|CORAM:||Bhavnesh Saini (JM), T. R. Sood (AM)|
|CATCH WORDS:||capital gains, DVO's valuation report|
|DATE:||July 15, 2015 (Date of pronouncement)|
|DATE:||July 20, 2015 (Date of publication)|
|FILE:||Click here to download the file in pdf format|
|S. 55A: If the AO is not satisfied with the valuation made by the assessee's valuer, he must refer the issue to the DVO. He cannot reject the assessee's valuation without any basis|
The assessee filed report of Registered Valuer in support of the market value as on 01.04.1981. The Assessing Officer was not having any evidence or material before him to contradict the report of the Registered Valuer. The Assessing Officer, if was not satisfied with the report of the Registered Valuer, could have made a reference to the Departmental Valuation Officer under section 55A of the Act for the purpose of computing income from capital gains. The Assessing Officer has thus, not acted in accordance with law and without any basis or evidence in his possession, did not accept report of the Registered Valuer.
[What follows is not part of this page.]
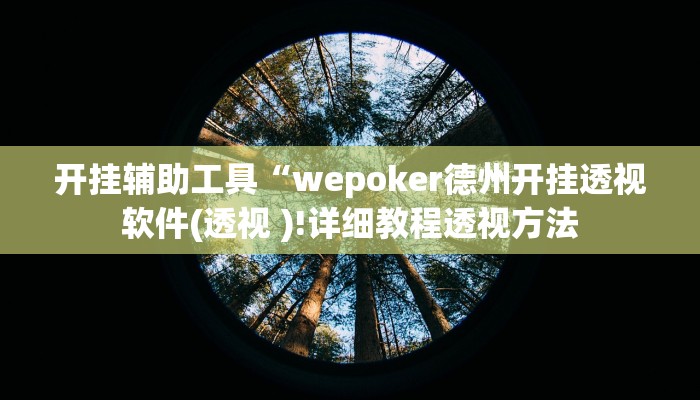 开挂辅助工具“wepoker德州开挂透视软件(透视 )!详细教程透视方法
In the absence of any material on record, Assessing Officer should not have made his own calculation for the purpose of computing the capital gains. The orders of the authorities below, thus, cannot be sustained in law. We, accordingly, set aside the orders of authorities below and direct Assessing Officer to accept valuation reported by the assessee as per report of the Registered Valuer as on 01.04.1981 and accept the computation filed by the assessee.